- Boundary of North Thanet in Kent
- Location of Kent within England
- County: Kent
- Electorate: 67,110 (December 2010)
- Major settlements: Margate and Herne Bay

1983–2024
- Seats: One
- Created from: Thanet West, Thanet East
- Replaced by: Herne Bay and Sandwich, East Thanet

= North Thanet =

UK Parliament constituency (1983–2024)

North Thanet was a constituency in Kent. It was represented in the House of Commons of the UK Parliament since its 1983 creation until abolition by Sir Roger Gale, a Conservative.

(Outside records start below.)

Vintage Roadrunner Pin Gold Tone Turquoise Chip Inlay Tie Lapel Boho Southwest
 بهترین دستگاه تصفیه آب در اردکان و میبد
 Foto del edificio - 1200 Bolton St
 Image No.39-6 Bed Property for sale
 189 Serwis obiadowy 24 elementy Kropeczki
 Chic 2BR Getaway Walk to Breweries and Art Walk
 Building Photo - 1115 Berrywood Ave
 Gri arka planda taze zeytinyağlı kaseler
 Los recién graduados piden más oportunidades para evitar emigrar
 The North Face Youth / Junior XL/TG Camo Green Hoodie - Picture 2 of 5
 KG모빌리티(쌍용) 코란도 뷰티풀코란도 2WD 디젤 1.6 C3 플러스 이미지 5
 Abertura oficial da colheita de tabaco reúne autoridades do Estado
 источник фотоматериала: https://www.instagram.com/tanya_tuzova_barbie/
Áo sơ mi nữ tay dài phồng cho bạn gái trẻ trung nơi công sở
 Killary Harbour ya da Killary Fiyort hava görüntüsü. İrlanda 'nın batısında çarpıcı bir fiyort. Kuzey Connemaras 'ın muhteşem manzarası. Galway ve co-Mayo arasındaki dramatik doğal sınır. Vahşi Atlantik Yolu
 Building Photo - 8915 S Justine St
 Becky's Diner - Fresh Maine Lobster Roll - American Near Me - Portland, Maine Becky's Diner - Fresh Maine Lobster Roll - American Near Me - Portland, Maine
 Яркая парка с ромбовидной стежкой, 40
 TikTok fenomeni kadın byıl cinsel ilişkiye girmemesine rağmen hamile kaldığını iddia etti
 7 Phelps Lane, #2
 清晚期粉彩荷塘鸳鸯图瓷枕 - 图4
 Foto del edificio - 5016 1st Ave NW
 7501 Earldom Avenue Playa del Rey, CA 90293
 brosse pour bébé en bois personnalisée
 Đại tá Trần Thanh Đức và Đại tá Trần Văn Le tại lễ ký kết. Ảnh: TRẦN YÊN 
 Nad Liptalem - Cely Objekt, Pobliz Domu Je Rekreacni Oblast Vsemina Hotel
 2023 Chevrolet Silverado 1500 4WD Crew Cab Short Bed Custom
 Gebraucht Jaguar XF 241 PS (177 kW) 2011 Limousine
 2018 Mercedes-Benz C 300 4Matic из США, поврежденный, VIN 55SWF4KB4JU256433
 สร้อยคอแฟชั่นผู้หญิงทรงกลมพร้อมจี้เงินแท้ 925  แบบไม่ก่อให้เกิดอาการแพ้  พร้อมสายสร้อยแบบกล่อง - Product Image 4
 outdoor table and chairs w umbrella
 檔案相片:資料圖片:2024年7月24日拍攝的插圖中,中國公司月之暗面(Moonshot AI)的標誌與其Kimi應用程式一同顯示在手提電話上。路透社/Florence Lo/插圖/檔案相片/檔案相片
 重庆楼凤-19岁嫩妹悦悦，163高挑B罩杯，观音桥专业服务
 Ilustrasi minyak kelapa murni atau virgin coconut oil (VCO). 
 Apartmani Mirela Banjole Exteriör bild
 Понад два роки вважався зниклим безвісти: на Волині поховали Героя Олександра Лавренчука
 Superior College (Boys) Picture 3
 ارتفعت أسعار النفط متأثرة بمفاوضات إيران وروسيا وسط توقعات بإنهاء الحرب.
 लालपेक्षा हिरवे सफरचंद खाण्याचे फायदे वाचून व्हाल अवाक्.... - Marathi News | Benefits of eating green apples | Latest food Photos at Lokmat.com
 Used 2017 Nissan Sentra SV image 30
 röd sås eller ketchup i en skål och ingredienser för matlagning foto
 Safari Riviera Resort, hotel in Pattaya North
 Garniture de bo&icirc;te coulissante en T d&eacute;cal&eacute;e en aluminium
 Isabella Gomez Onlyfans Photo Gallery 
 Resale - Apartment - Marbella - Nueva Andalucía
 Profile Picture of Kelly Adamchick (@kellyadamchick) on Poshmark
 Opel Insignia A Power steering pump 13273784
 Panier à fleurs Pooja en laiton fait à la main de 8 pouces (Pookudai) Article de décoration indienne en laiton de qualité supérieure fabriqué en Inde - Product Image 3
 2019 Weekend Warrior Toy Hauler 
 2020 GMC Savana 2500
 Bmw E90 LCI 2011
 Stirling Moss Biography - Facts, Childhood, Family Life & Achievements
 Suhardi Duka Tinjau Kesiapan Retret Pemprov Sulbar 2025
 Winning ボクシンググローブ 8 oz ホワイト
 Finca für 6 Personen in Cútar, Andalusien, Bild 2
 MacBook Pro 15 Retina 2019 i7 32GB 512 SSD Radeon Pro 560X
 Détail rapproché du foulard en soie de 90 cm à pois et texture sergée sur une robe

Further to the completion of the 2023 review of Westminster constituencies, the seat was abolished. Subjected to moderate boundary changes, it was reformed as Herne Bay and Sandwich, and first contested at the 2024 general election.

==History==
North Thanet and South Thanet were created by a rearrangement of the former Thanet West and Thanet East constituencies in 1983, which in turn had been created in 1974 by the splitting of the single Isle of Thanet seat. Apart from 1997, when it was marginal, the seat has been a safe seat for the Conservative Party.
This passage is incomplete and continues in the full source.